Work instruction ▸ Please transcribe the listing below exactly, but only from the line containing "this 768×512 image." through its last line.

Data provided ▸
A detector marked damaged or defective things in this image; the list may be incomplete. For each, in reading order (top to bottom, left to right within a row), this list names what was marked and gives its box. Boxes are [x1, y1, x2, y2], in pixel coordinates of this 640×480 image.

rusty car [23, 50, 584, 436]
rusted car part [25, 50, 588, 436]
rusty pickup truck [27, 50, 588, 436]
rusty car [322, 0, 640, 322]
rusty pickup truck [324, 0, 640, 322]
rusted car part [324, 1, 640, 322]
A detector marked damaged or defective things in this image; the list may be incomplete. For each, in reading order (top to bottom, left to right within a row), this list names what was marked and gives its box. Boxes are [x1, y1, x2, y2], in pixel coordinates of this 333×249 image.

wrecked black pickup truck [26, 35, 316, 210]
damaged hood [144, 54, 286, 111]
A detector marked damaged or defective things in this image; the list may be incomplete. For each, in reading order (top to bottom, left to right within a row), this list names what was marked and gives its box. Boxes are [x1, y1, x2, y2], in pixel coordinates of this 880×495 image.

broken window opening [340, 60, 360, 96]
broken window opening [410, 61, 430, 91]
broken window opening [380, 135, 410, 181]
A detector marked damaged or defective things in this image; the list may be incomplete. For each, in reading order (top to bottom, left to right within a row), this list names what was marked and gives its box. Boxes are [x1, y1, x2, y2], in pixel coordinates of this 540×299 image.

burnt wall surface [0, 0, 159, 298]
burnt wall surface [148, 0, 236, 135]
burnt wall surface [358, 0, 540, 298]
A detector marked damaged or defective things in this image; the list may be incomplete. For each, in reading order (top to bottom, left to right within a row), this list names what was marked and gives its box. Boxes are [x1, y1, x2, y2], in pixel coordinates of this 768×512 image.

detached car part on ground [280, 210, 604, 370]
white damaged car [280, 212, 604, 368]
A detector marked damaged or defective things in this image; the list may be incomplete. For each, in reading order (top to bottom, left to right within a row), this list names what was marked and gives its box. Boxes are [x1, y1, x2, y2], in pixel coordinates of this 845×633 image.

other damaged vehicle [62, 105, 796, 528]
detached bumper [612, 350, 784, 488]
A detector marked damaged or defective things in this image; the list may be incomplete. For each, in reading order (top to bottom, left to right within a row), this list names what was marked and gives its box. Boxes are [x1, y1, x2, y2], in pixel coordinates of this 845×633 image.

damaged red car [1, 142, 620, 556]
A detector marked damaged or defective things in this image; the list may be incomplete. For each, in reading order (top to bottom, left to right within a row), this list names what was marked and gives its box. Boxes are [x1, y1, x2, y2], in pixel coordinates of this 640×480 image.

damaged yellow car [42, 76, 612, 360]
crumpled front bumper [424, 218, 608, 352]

Task result ▸
A detector marked damaged or defective things in this image; the list may be incomplete. For each, in reading order (top to bottom, left to right within a row), this list names what was marked and gives its box. Boxes are [x1, y1, x2, y2], in pixel coordinates of this 768×512 image.

detached car part on ground [280, 210, 604, 370]
white damaged car [280, 212, 604, 368]
A detector marked damaged or defective things in this image; the list may be incomplete. For each, in reading order (top to bottom, left to right within a row), this list names what was marked and gives its box. Boxes are [x1, y1, x2, y2], in pixel coordinates of this 845×633 image.

other damaged vehicle [62, 105, 796, 528]
detached bumper [612, 350, 784, 488]
A detector marked damaged or defective things in this image; the list may be incomplete. For each, in reading order (top to bottom, left to right within a row), this list names what was marked and gives its box. Boxes are [x1, y1, x2, y2], in pixel coordinates of this 845×633 image.

damaged red car [1, 142, 620, 556]
A detector marked damaged or defective things in this image; the list may be incomplete. For each, in reading order (top to bottom, left to right within a row), this list names what was marked and gives its box. Boxes are [x1, y1, x2, y2], in pixel coordinates of this 640×480 image.

damaged yellow car [42, 76, 612, 360]
crumpled front bumper [424, 218, 608, 352]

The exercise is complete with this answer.